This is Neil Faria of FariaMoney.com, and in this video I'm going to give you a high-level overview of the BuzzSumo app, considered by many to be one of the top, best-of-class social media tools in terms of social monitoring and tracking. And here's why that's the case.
◇ ◇ ◇ ◇ ◇
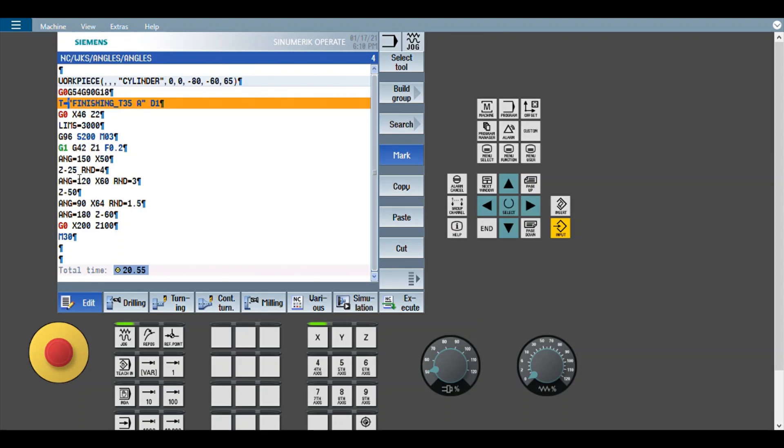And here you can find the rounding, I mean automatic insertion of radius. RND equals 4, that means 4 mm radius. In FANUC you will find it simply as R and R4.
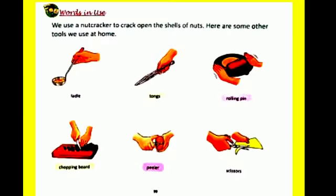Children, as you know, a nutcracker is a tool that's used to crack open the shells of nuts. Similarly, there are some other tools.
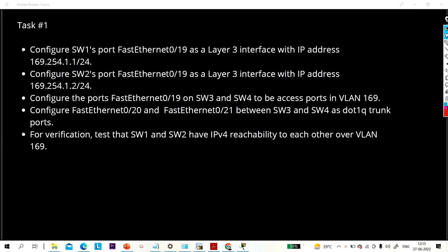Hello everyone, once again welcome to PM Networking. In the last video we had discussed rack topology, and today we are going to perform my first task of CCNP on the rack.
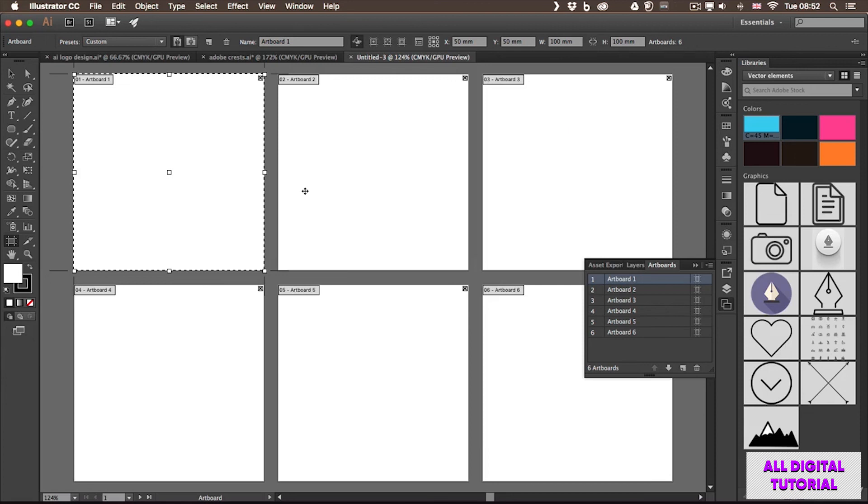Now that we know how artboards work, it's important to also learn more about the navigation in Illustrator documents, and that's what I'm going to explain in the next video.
◇ ◇ ◇ ◇ ◇
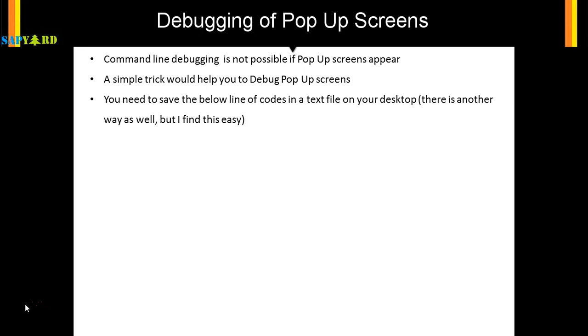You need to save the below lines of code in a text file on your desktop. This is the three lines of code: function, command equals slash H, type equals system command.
◇ ◇ ◇ ◇ ◇
▶ **Work instruction**
Retype, exactly and with no pictures, everything above from the line with "And here you" down to the line with "Now that we", both included.

▶ **Answer box**
And here you can find the rounding, I mean automatic insertion of radius. RND equals 4, that means 4 mm radius. In FANUC you will find it simply as R and R4.
Children, as you know, a nutcracker is a tool that's used to crack open the shells of nuts. Similarly, there are some other tools.
Hello everyone, once again welcome to PM Networking. In the last video we had discussed rack topology, and today we are going to perform my first task of CCNP on the rack.
Now that we know how artboards work, it's important to also learn more about the navigation in Illustrator documents, and that's what I'm going to explain in the next video.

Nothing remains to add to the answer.